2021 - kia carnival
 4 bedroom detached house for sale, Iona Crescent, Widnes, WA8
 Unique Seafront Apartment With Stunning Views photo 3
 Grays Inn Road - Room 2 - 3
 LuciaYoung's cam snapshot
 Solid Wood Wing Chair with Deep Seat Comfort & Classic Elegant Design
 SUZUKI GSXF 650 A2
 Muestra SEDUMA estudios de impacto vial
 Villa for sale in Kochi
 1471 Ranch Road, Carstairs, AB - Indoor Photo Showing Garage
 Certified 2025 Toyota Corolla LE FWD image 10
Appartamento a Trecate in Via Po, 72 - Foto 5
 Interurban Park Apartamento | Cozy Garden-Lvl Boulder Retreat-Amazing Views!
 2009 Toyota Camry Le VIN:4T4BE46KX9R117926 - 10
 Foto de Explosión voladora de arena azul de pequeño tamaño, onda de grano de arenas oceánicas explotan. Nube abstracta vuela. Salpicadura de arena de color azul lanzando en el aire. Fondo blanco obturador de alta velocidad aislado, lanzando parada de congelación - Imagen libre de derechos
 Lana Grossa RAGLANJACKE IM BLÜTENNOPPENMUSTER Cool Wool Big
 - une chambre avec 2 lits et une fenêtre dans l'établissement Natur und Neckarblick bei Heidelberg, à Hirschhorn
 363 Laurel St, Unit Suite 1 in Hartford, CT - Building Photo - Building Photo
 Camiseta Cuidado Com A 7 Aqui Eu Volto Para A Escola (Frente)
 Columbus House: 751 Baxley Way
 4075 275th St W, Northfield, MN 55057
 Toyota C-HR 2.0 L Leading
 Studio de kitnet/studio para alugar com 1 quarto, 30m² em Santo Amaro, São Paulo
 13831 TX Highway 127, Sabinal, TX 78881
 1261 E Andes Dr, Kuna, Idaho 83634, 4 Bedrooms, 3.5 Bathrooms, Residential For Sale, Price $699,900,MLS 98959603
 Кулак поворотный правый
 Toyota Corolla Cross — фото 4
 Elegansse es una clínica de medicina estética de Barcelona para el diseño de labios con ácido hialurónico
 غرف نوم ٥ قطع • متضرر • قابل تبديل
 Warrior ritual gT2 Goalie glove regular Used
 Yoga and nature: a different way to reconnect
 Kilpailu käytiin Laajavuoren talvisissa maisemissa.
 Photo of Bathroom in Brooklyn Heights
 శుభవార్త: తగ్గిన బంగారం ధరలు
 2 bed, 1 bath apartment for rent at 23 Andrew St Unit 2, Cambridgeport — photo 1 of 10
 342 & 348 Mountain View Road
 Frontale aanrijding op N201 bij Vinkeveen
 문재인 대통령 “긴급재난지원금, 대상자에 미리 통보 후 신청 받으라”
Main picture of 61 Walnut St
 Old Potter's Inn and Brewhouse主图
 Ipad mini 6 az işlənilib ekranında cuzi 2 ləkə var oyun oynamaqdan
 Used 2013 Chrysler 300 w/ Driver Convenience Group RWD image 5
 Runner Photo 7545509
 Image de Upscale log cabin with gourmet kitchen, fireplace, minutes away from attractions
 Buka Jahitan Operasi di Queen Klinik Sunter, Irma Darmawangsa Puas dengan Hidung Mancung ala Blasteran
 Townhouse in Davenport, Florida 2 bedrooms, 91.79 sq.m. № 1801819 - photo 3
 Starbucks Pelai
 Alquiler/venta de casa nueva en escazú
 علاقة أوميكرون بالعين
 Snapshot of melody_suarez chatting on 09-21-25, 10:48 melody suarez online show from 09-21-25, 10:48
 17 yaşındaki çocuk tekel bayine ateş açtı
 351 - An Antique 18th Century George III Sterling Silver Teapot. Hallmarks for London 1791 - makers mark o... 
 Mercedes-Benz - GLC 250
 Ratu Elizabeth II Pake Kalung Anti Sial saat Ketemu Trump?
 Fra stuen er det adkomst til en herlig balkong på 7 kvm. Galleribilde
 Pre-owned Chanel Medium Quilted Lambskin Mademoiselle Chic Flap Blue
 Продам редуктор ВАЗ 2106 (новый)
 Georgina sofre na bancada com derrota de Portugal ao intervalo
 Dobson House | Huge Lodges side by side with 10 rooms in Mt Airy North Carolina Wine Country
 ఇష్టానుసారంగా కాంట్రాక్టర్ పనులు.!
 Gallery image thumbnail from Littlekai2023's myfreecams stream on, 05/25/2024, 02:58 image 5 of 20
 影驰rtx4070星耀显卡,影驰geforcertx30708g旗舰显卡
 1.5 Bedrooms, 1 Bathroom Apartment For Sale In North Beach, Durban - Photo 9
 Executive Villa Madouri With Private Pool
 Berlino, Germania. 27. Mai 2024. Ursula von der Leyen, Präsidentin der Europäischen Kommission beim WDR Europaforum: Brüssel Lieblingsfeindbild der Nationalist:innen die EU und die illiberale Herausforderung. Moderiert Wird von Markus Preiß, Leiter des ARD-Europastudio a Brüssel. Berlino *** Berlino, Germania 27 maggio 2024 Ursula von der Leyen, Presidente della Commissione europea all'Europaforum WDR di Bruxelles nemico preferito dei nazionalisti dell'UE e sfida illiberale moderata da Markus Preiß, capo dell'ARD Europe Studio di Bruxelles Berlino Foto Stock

□ □ □ □

● **Brief**:
Only one stretch of the records above is wanted: the lines between the one holding "Ratu Elizabeth II" and the one holding "Executive Villa Madouri With Private Pool", inclusive, reproduced exactly.

● **Response to this task**:
 Ratu Elizabeth II Pake Kalung Anti Sial saat Ketemu Trump?
 Fra stuen er det adkomst til en herlig balkong på 7 kvm. Galleribilde
 Pre-owned Chanel Medium Quilted Lambskin Mademoiselle Chic Flap Blue
 Продам редуктор ВАЗ 2106 (новый)
 Georgina sofre na bancada com derrota de Portugal ao intervalo
 Dobson House | Huge Lodges side by side with 10 rooms in Mt Airy North Carolina Wine Country
 ఇష్టానుసారంగా కాంట్రాక్టర్ పనులు.!
 Gallery image thumbnail from Littlekai2023's myfreecams stream on, 05/25/2024, 02:58 image 5 of 20
 影驰rtx4070星耀显卡,影驰geforcertx30708g旗舰显卡
 1.5 Bedrooms, 1 Bathroom Apartment For Sale In North Beach, Durban - Photo 9
 Executive Villa Madouri With Private Pool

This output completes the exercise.